## WHAT IS REQUIRED
In the material below, find the line with "Funny Christmas Bucket" and the line with "Gebreid Oversized Vest". Output exactly those two lines and all lines between them, leaving out pictures.

## DATASET RECORDS
*****
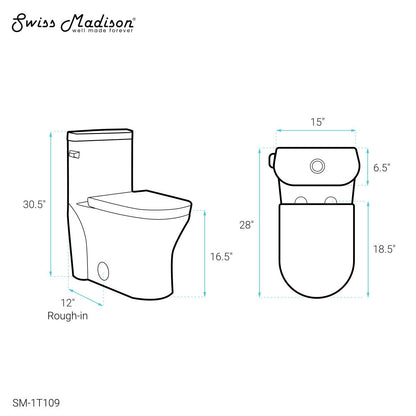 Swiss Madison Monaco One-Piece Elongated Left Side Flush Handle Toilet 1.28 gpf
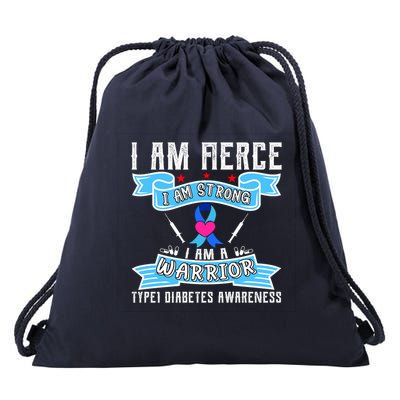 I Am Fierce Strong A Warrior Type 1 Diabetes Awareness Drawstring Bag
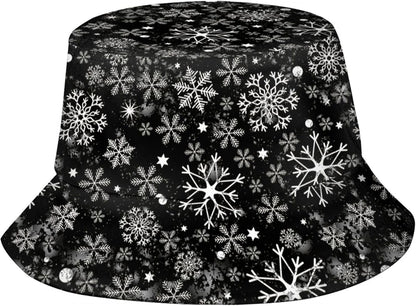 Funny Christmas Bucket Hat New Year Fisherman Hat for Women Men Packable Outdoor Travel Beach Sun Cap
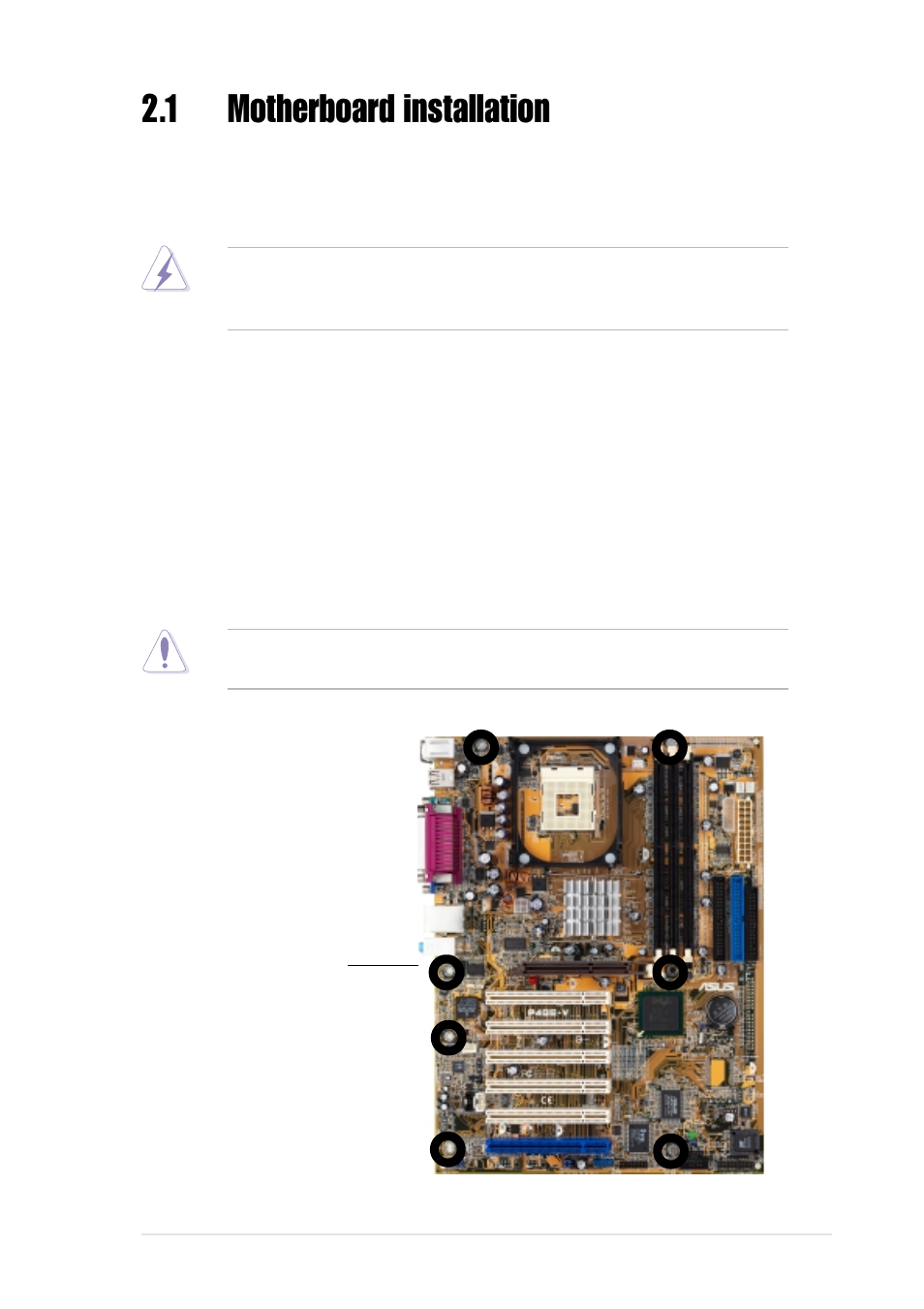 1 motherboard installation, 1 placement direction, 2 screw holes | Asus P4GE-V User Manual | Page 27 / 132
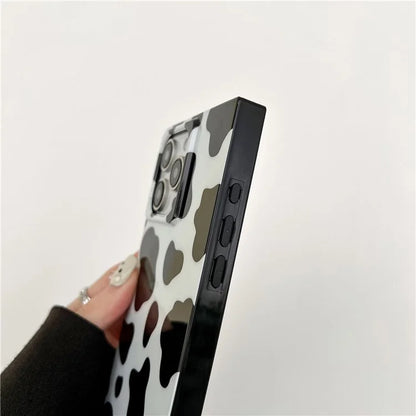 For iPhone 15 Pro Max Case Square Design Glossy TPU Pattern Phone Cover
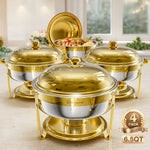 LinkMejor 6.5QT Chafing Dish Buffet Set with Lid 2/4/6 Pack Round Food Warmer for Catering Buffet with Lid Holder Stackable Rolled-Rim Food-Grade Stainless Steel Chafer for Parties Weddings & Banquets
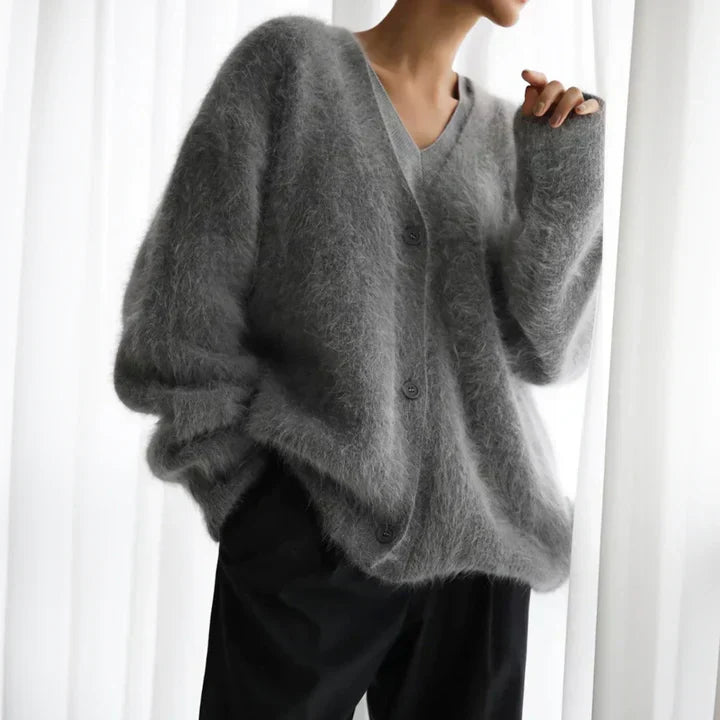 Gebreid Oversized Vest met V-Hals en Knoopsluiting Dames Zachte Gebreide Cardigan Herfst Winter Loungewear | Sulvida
*****
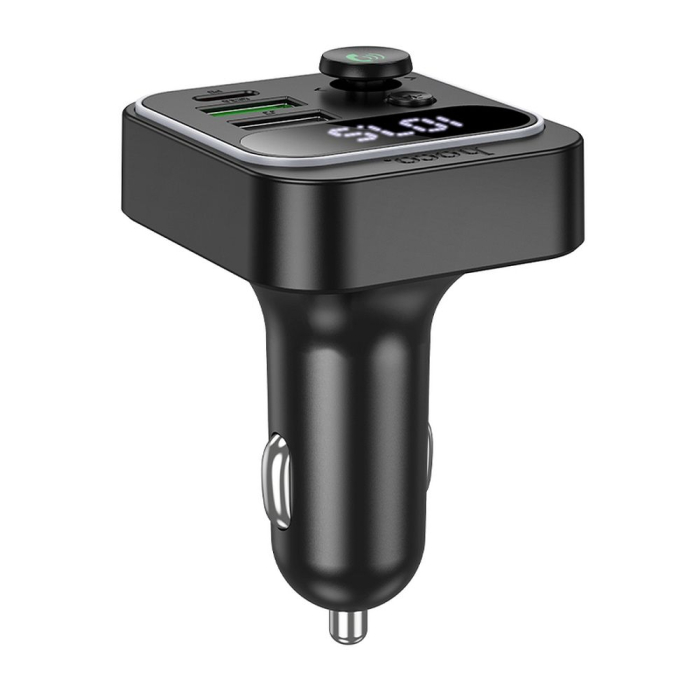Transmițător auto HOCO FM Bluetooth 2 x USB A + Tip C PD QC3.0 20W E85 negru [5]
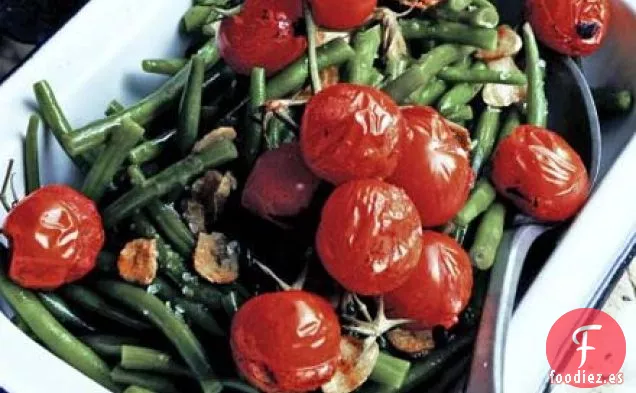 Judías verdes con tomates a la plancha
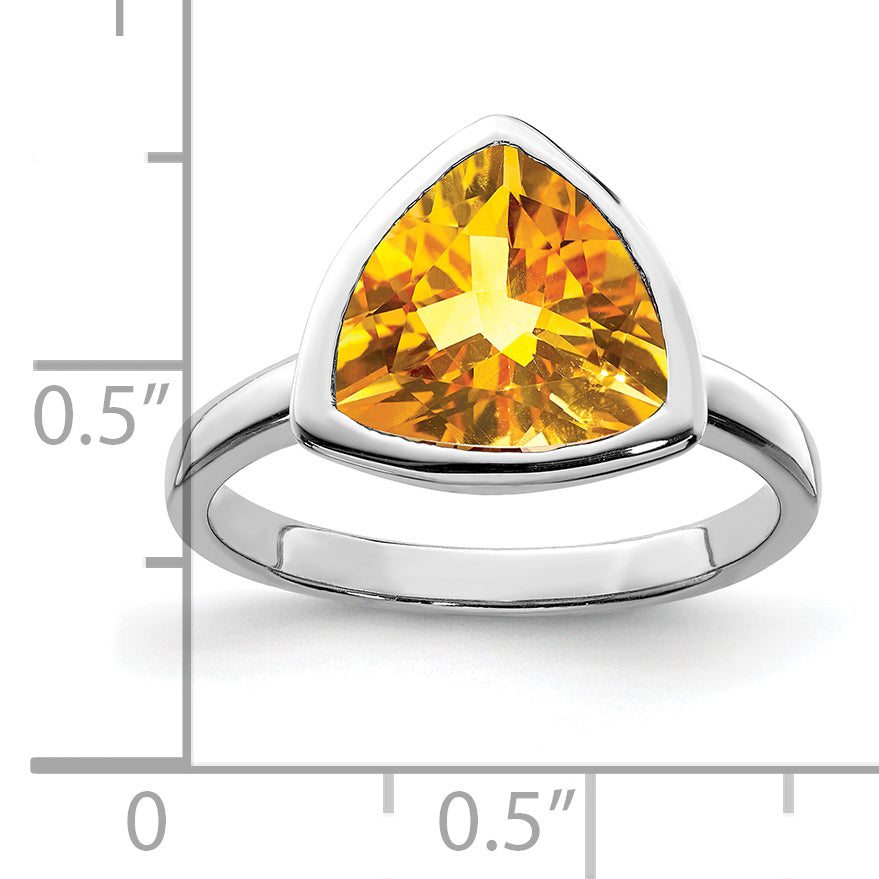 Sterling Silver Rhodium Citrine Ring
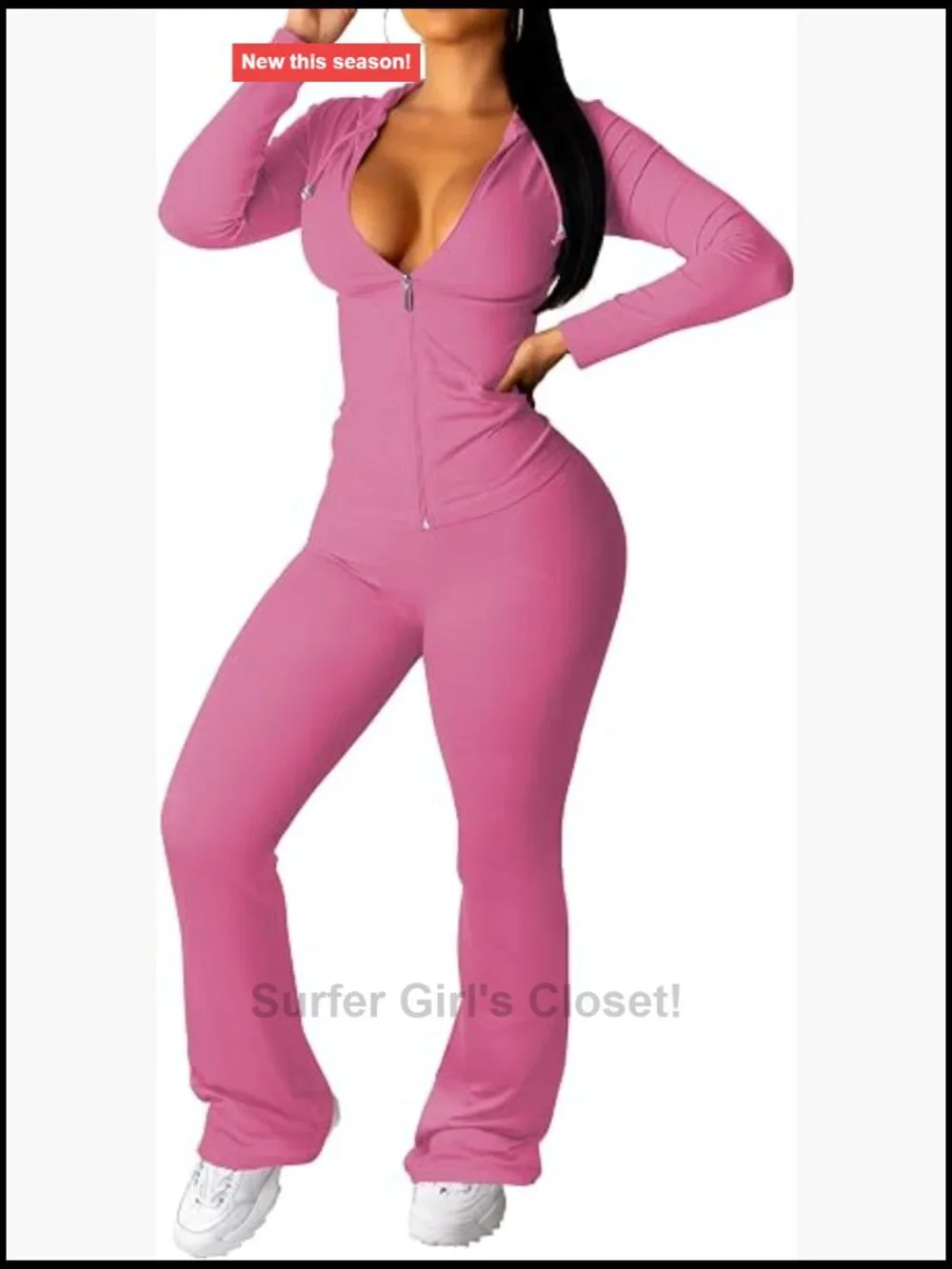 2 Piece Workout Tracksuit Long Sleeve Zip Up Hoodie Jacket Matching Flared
*****
## SOLUTION TO THIS PROBLEM
 Funny Christmas Bucket Hat New Year Fisherman Hat for Women Men Packable Outdoor Travel Beach Sun Cap
 1 motherboard installation, 1 placement direction, 2 screw holes | Asus P4GE-V User Manual | Page 27 / 132
 For iPhone 15 Pro Max Case Square Design Glossy TPU Pattern Phone Cover
 LinkMejor 6.5QT Chafing Dish Buffet Set with Lid 2/4/6 Pack Round Food Warmer for Catering Buffet with Lid Holder Stackable Rolled-Rim Food-Grade Stainless Steel Chafer for Parties Weddings & Banquets
 Gebreid Oversized Vest met V-Hals en Knoopsluiting Dames Zachte Gebreide Cardigan Herfst Winter Loungewear | Sulvida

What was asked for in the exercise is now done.